=== WORK INSTRUCTION ===
Line by line, transcribe the data below exactly and pass over the images.

=== SUPPLIED MATERIAL ===
Start of Block
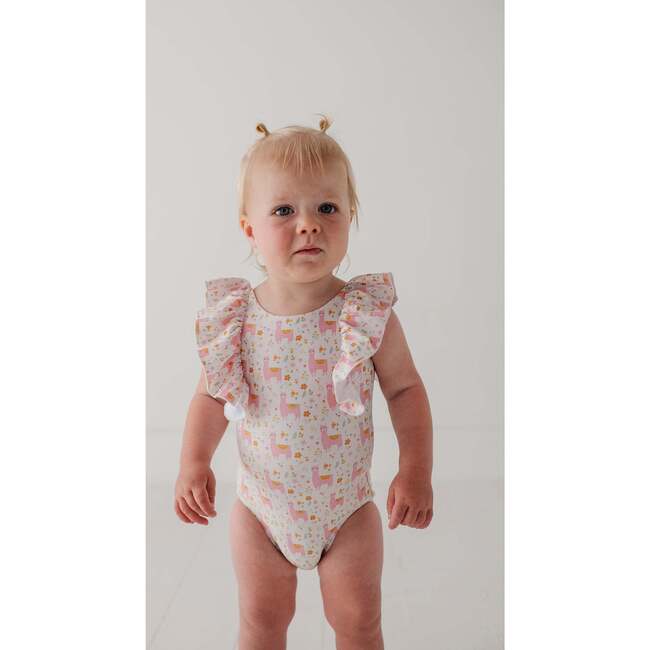 Baby Girl Ruffle Sleeve Cross Back Swimsuit Sketched Daisy - One Pieces - 4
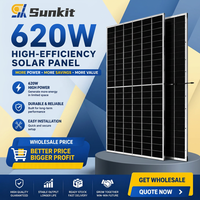 Panneaux solaires N-Type demi-cellules Sunkit 2026, module PV haute performance, super efficace 600-620W, rendement de 21,3%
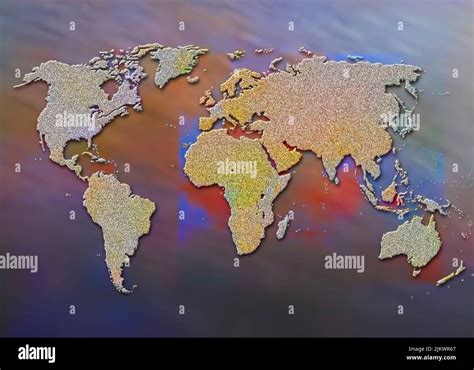World map with the different continents and oceans Stock Photo - Alamy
End of Block
=== YOUR SOLUTION ===
 Baby Girl Ruffle Sleeve Cross Back Swimsuit Sketched Daisy - One Pieces - 4
 Panneaux solaires N-Type demi-cellules Sunkit 2026, module PV haute performance, super efficace 600-620W, rendement de 21,3%
World map with the different continents and oceans Stock Photo - Alamy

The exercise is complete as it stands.